Training ANN Potentials (Fortran)

Note

Training as described here makes use of ænet’s compiled train.x tool. Make sure to install ænet and configure the paths as described in Installation & Set-up.

Note

Alternative: For a pure Python/PyTorch implementation that does not require Fortran, see PyTorch-based Training.

aenet-python provides tools to facilitate the training of ænet potentials directly from Python scripts. This workflow is managed primarily by the ANNPotential class.

Example notebooks

Jupyter notebooks with examples how to train potentials can be found in the notebooks directory within the repository.

Defining the Network Architecture

Before training, you need to define the architecture of the ANN for each atomic species involved. This is done using a Python dictionary where keys are the element symbols (e.g., “Si”, “O”) and values are lists of tuples. Each tuple represents a layer in the network, specifying the number of nodes and the activation function for that layer.

Supported activation functions are: 'tanh', 'linear', and 'signmoid'.

The final ANN layer is always a linear layer with one node, which outputs the energy for the corresponding atomic species. This layer does not need to be defined.

Example architecture for a silicon potential:

from aenet.mlip import ANNPotential

# Define architecture: Si with two hidden layers
# (10 nodes, tanh activation)
arch = {
    "Si": [(10, 'tanh'), (10, 'tanh')]
}

# Create the potential object
potential = ANNPotential(arch)

Training Configuration

Training parameters are managed through the TrainingConfig class, which centralizes all configuration options with built-in validation. This ensures type safety and prevents invalid parameter combinations.

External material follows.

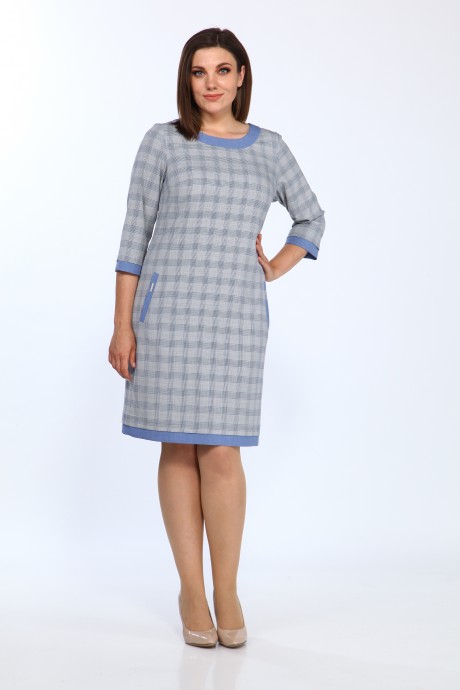 Платье Lady Style Classic 1427 /6 Синий с серым "Клетка" размер 48-58 #1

The TrainingConfig class includes:

  • iterations (int): Maximum number of training iterations. Default: 0

  • method (TrainingMethod): The optimization algorithm to use. Default: Adam()

  • testpercent (int): Percentage of data for test set (0-100). Default: 0

  • max_energy (float, optional): Exclude structures with referenced cohesive or formation energy per atom above this threshold when the trainer builds datasets from raw structures=... input. If atomic_energies is omitted, the filter falls back to all-zero atomic references and uses the provided per-atom labels as-is. Prebuilt datasets must be filtered when they are constructed. Default: None

  • sampling (str, optional): Sampling method (‘sequential’, ‘random’, ‘weighted’, ‘energy’). Default: None

  • timing (bool): Enable detailed timing output. Default: False

  • save_energies (bool): Save predicted energies for training/test sets. Default: False

The configuration validates parameters at creation time, raising ValueError for invalid inputs (e.g., testpercent outside 0-100 range, invalid sampling method).

Training Methods

The training process uses optimization methods to adjust the neural network weights. Each method has specific parameters with sensible defaults. The available training methods are provided as typed classes:

  • Adam - ADAM optimizer (default)

  • BFGS - L-BFGS-B optimizer (no parameters)

  • EKF - Extended Kalman filter

  • LM - Levenberg-Marquardt

  • OnlineSD - Online steepest descent

Each training method class encodes both the algorithm name and its parameters with appropriate defaults based on the aenet Fortran implementation.

Training the Potential

Once the architecture is defined, you can train the potential using the train() method. This method automates several steps:

  1. Checks if the provided training set file exists and is compatible with the defined architecture.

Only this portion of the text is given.